The Recruit by Honoré de Balzac

Provincial paranoia in 1793
Honoré de Balzac
The Recruit, also known as The Conscript, was originally published in 1831 under the French title Le Réquisitionnaire. It was written by Honoré de Balzac as part of his monumental series of works known as the Comédie Humaine. Though it is a short story of maybe 50 pages at most, like all pieces in the Comédie Humaine it is considered a stand-alone work of literature, and it is thus offered by Amazon in a Kindle file unto itself.

The story takes place shortly after the French Revolution. The royal court of Louis XVI has fled Paris and the palace at Versailles, and an overwhelming tide of anti-royalist sentiment has swept the nation.
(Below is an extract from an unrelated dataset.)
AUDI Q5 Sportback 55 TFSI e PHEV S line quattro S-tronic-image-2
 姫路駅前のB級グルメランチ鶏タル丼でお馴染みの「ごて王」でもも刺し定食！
Madame de Dey is a wealthy and socially prominent widow living in the sleepy provincial town of Carentan, in Lower Normandy. She is beset by a flock of suitors who arduously strive for the attainment of her hand and her property, and surrounded by nosey neighbors of republican inclination who are just waiting for her to make a slip and betray her royalist sentiments. Her son, a soldier who has remained loyal to the royal cause, has followed the royals in their exile, leaving his mother alone to defend herself. When she cancels her weekly salon and closes her doors to visitors, it inspires a great deal of speculation and rumor among the suspicious citizens of Carentan.

Balzac does a brilliant job of encapsulating the paranoia and vindictive opportunism that pervaded provincial France following the Revolution. For American readers, imagine what it would be like if there were a civil war between liberals and conservatives in this country, and the persecution members of the losing side would face at the hands of the winners. While the Terror was taking place in Paris, with heads falling to the guillotine, personal dramas like those of Madame de Dey’s were taking place throughout the provinces, where the newly victorious Republicans looked for any excuse to confiscate the property of the rich. Here Balzac captures the danger and urgency of this situation in a lively and suspenseful tale.

Balzac does, however, commit a sin that is common to his short stories, which is capping the story off in an all too abrupt ending. He manages to cleverly tie up all the loose ends in one pithy paragraph, but the reader feels slightly cheated. The conclusion of the plot is itself satisfying, just the curt manner in which it is handled leaves one with the feeling of a door slammed in the face. I’ve always preferred Balzac’s novels to his short stories, and this story does little to change that, but there’s no denying this master’s Herculean literary talents in any format, large or small. The primary value of The Recruit lies in its role as a scrap in the grand quilt of the Comédie Humaine. When judged on its own merits, it’s a good story, but not a must-read for casual fans of Balzac’s work.